Он восстал против этого.

– Это очень понятно, – сказала я. – Зачем же ходить к женщине. Во мне ведь не много интересного. Ума-то и знаний не здесь же искать.

Он шутя стал говорить, что интересуется испанкой. – Вы разве не видели, как я с ней разговаривал у камина? – Я сказала, что видала, но не бывала в обществах и не знаю, что означает ухаживать, быть влюбленным или просто вежливым. Он меня спросил, зачем я так рано уехала.

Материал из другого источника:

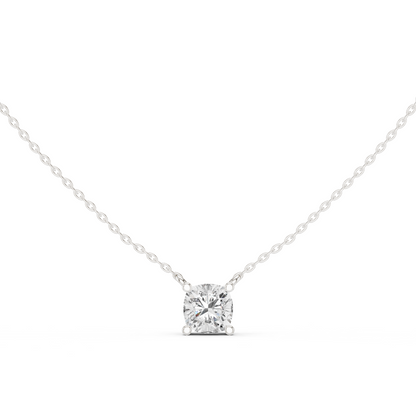 Basket Cushion Diamond Pendant Necklace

Я объяснила очень просто, что это не рано для меня, что я была нездорова.

Потом спросил, пишу ли я Д[остоевскому] и отчего не иду за него замуж, что нужно, чтоб я прибрала к рукам его и «Эпоху»[149].

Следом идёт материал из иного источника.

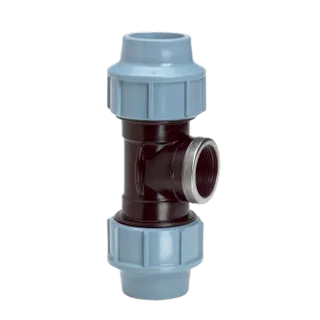 Unidelta PP T-stuk met bi en verst. ring., 75 x 2 1/2'' x 75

– Оттого, что не хочу, – отвечала.

– Как так?

– Да так, хотела, так была бы там, а не ехала в Монпелье.

– Да, может быть, он сам на вас не женится, – сказал он комически.

– Может быть, – отвечала я.

Прибрать к рукам «Эпоху»! Но что я за Ифигения![150]

Суслова А. П. Годы близости с Достоевским. С. 115–117.


17 февраля. Montpellier [1865]

Дорогая Графиня!

Я только со вчерашнего дня в Montpellier, а Париж оставила в субботу. Не подумайте, что я шла пешком всю эту дорогу. К сожалению – нет. От Лиона до Монпелье почти на каждой станции какие-нибудь памятники исторических событий, так что стыдно ехать по железной дороге.

Я уже была у m-me Огаревой, она меня приняла чрезвычайно любезно.

Я ждала все письма от Вас к этому господину Got, впрочем, m-me Огарева говорит, что и так можно познакомиться.

К Вам уже я не заехала, сберегала свои силы для поездки. Впрочем, всякий непарижский воздух имеет на меня хорошее влияние; я как только выехала из Парижа, почувствовала себя ужасно хорошо, несмотря на страшный холод. Здесь, должно быть, будет скучновато. Мне будет очень приятно хоть изредка получать от Вас письма. Писать мне нужно: Poste restante. Сейчас пойду с m-me Огаревой искать себе квартиру.

Ах, графиня, какой великолепный папский замок в Авиньоне! Теперь в нем казармы. Вот здесь было судилище инквизиции, рассказывал проводник, здесь пытки, с этой башни анархисты в 93 году сбрасывали папистов. Ce moderne[151], сказал он, входя в одну залу, где солдаты ели, чистили свою сбрую, пели и бранились… Это была зала совета кардиналов. Кроме замка, я ничего не видела, а там еще могила Петрарки и Лауры, башня Филиппа Красивого и еще что-то. Мне нужно было спешить, чтоб возобновить леченье, без которого, я увидела, что будет плохо.

Ваша Полинька

[Р. S.]

Лиза очень довольна куклой. Она теперь какая-то смирная и серьезная. Впрочем, я еще хорошенько ее не видала. М-me Огарева сказала, что она Вам обязана спасением этого ребенка.

Потрудитесь передать мой поклон молодому графу, и не молодому, и Утину. Молодые люди, особенно Утин, нехорошо сделали, что не пришли со мной проститься, но Бог с ними. Еще передавайте мой поклон Усову.

Какая сегодня великолепная погода. И тепло.

Дорогой я познакомилась с одной дамой, которая приглашала меня к себе гостить. Очень милая немолодая женщина, отчасти сентиментальная.